We left Seabrook Marina in NOLA at sunrise, pointing our bow north into Lake Pontchartrain. As usual, our timing was weather driven, as we tried to tuck in behind a weak squall line moving east ahead of us. We were just a bit early, catching the southern edge of the front as we approached the railroad bridge at the east end of the lake. Wind and rain increased in concert with crab pot density, stressing the crew – then the center windshield wiper quit!
Thankfully, the rain and crab pots let up as we turned eastward toward “The Rigolets” (rhymes with cheese, if you can believe it), which connects Pontchartrain with Lake Borgne and the Mississippi Sound beyond. Before exiting The Rigolets, we circled for thirty minutes waiting for a railroad bridge opening. The swing bridge operator needed winds to calm and an oncoming train to pass before opening. He finally radioed, stating he’d open it partially and that we could squeeze through ahead of the train. We revved up the engine and pushed through the narrow gap as currents pushed us about, breathing big sighs of relief as we emerged in Lake Borgne.
The remainder of our cruise to Bay St. Louis was less eventful. Though much of the next couple hours were in 2-4′ seas, we were taking most on the bow, which Cirila handles well.

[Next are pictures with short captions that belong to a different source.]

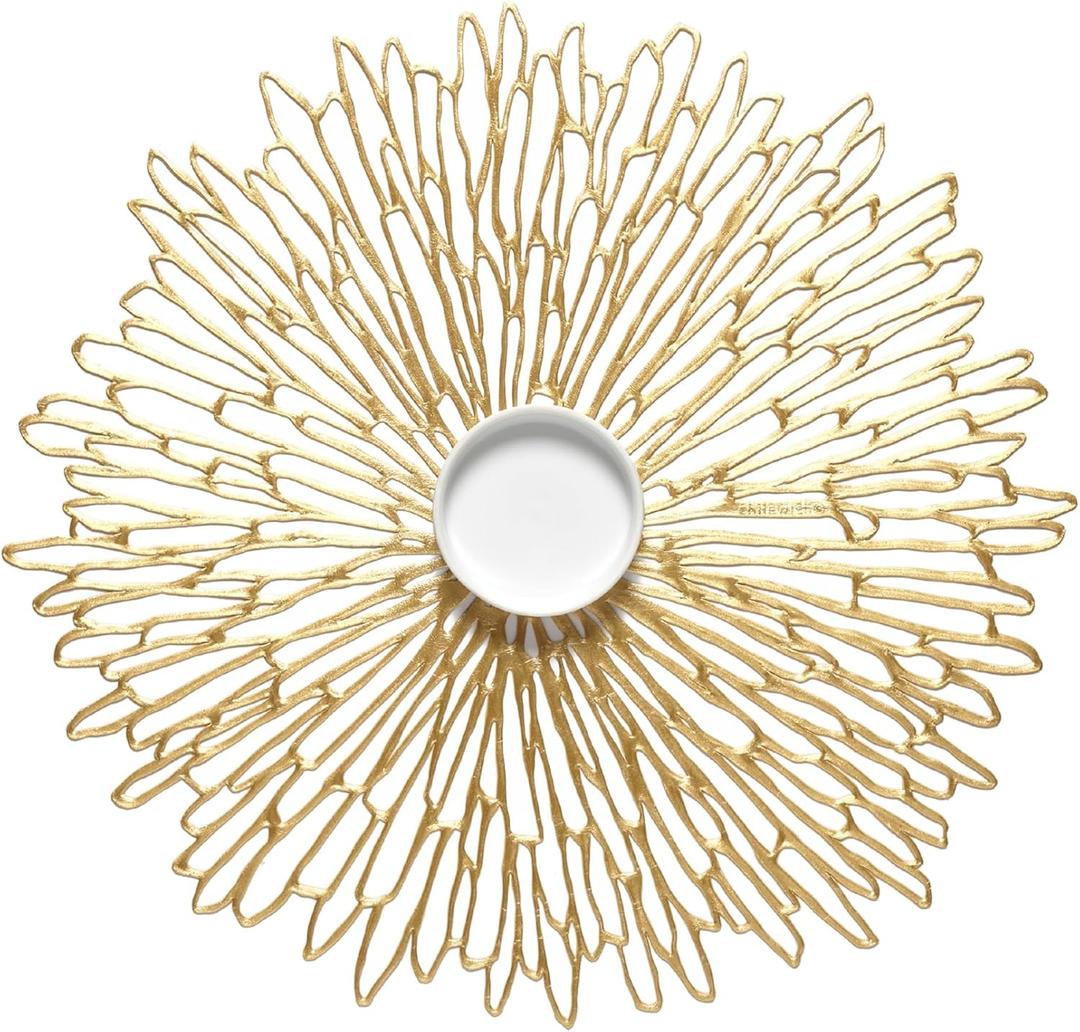 Chilewich Set of 8 - Pressed Bloom Placemats in Gilded- Easy Care Openwork Table Mats - Indoor/Outdoor - 15.7" x 15.2" Round Chargers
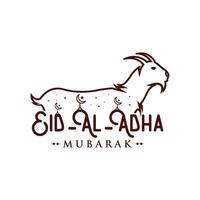 eid al-Adha calligrafia testo con capra illustrazione, eid al-Adha celebrazione sfondo. vettore illustrazione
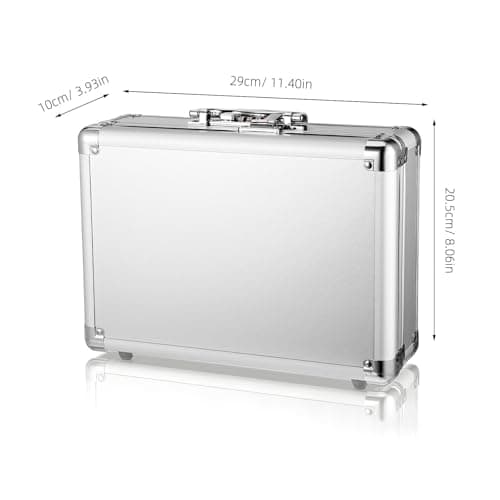UKCOCO Aluminium Alloy Hard Briefcase for Men with Collision Protection and Password Safety, Portable Tool Storage Box Suitable for Boating and Camping, Silver Handheld Organizer — view 3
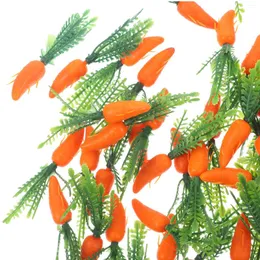 Flores decorativas 60 PCs cenoura simulada cenoura artificial Adeços de cozinha de planta de bebê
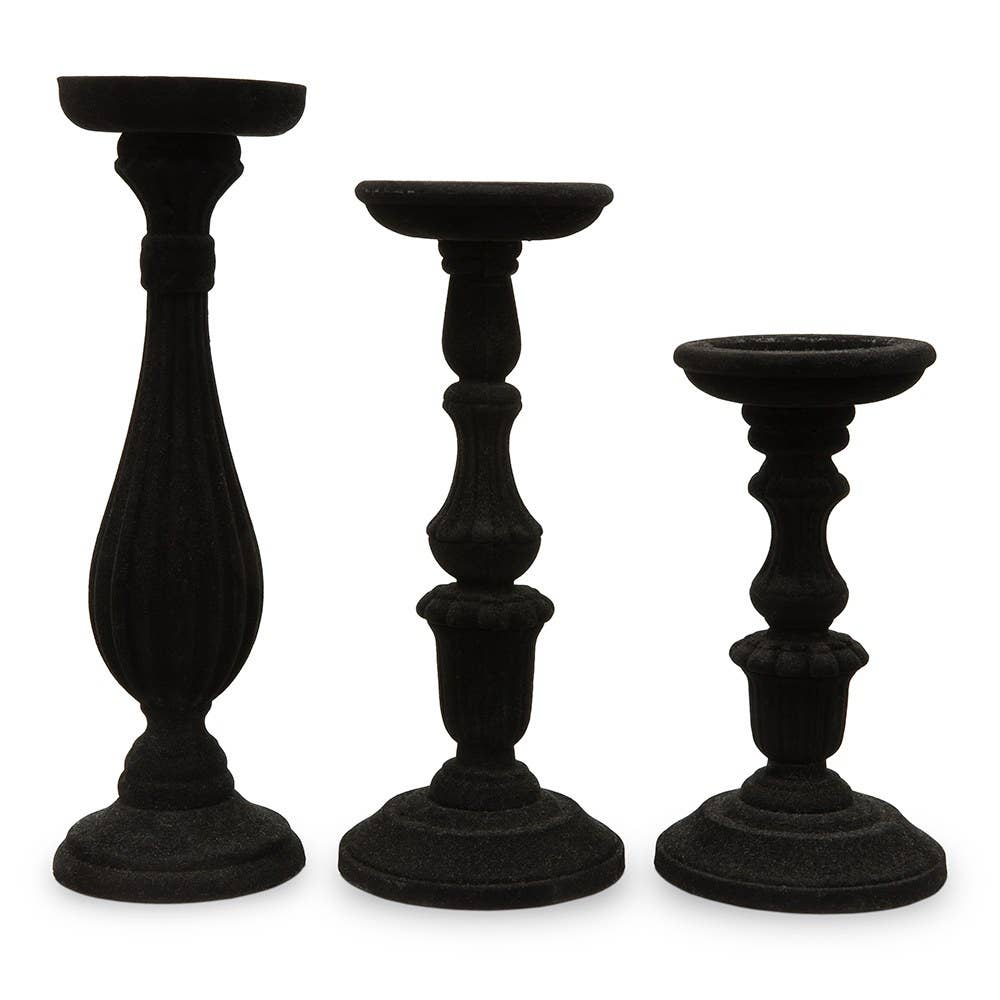 Faux Velvet Tiered Candle Holder Set - Black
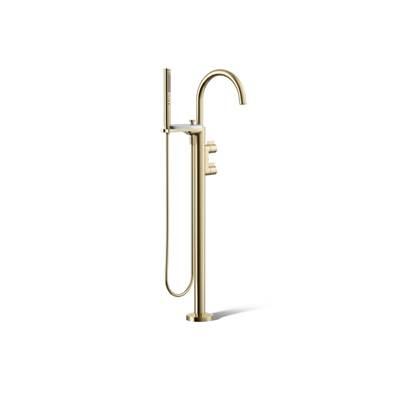 Components Floor-mount bath filler trim with lever handles and handshower by Kohler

Along the way, we passed the mouth of the Pearl River, marking the Louisiana – Mississippi border, and the spot where Hurricane Katrina made landfall in 2005. The coast there and in the nearby town of Waveland were hit with a 28′ storm surge!

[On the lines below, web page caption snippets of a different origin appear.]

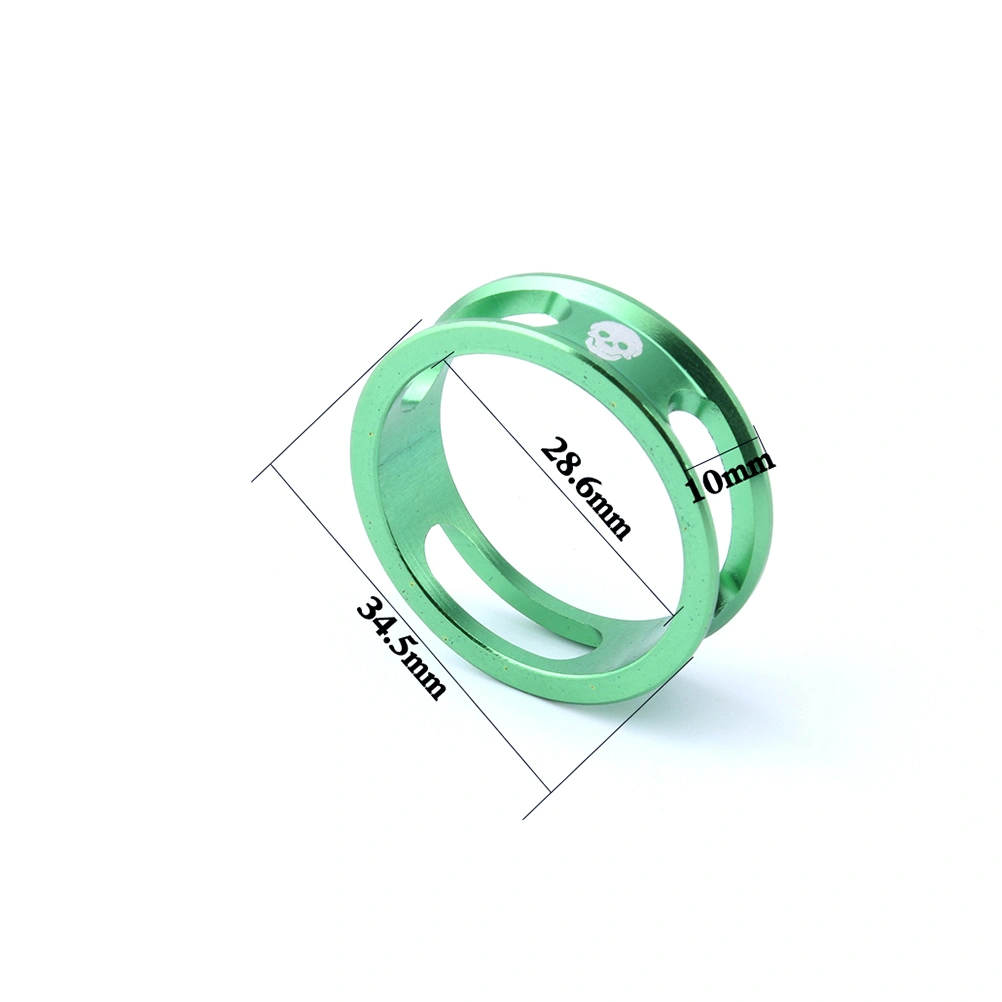4PCS 28.6MM Mountain Bike Road Bike Fold Able Bike Aluminum Alloy Washer Spacers Gasket Fork Headset Parts(Green)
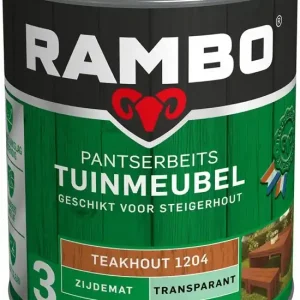 Gereduceerde Prijs Rambo Pantserbeits Tuinmeubel Zijdemat Transparant - 750 ml Teakhout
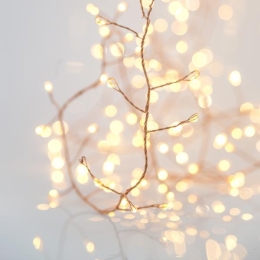 CLUSTER 300 MINI LED ΜΕ ΜΕΤΑΣΧΗΜΑΤΙΣΤΗ ΜΠΡΟΝΖΕ ΧΑΛΚΟΣ DAYLIGHT LED ΙΡ44 | MAGIC CHRISTMAS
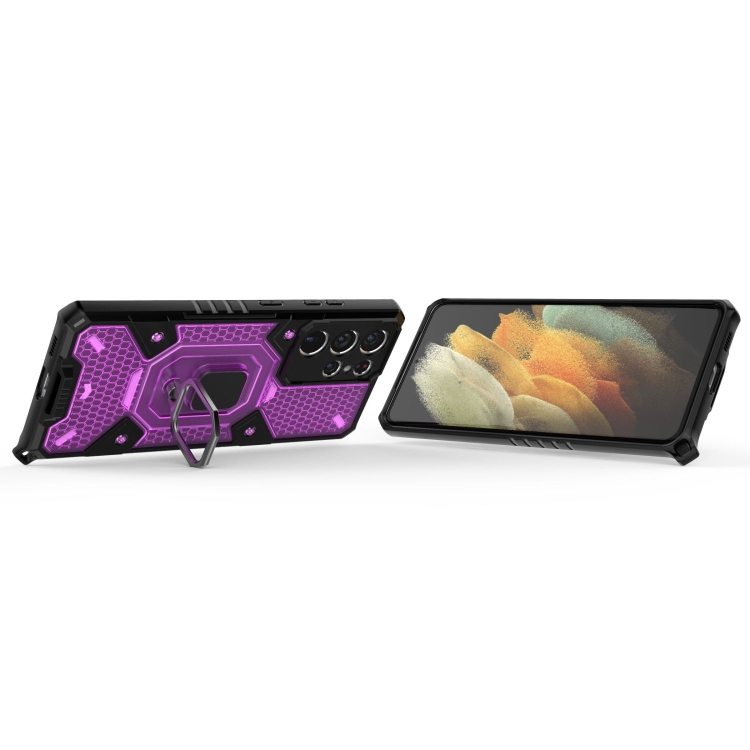 For Samsung Galaxy S21 Ultra 5G Space PC+TPU Ring Holder Protective Case(Purple) For Samsung Galaxy S21 Ultra 5G Space PC+TPU Ring Holder Protective Case(Purple)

The town of Bay St. Louis (BSL) sits just north on a piece of high ground at the west side of the the Bay, and Pass Christian on lower ground on the east side. Katrina decimated both towns. As we approached the bay, we watched charts closely to avoid spoils where broken bridges and concrete were dumped in the aftermath of Katrina. We transited one final swing bridge before easing along the transient bulkhead at the BSL Municipal Marina. The new marina and waterfront park were completed 3 years ago – by far the nicest stop of our journey thus far. Yacht owners from New Orleans and beyond keep vessels here, not only because cruising grounds in Mississippi Sound are so accessible, but because the town is delightful. There are no traffic lights, a thriving and eclectic artisan community, and good restaurants which locals frequent via golf cart.
The Blind Tiger (TBT’s) is a restaurant / bar closest to the marina, and was a welcome spot to unwind after our long journey and enjoy dinner off the boat. The smoked tuna spread appetizer was delicious, the Royal Red jumbo shrimp even better. Beers around one of TBT’s campfire pits topped off a great evening.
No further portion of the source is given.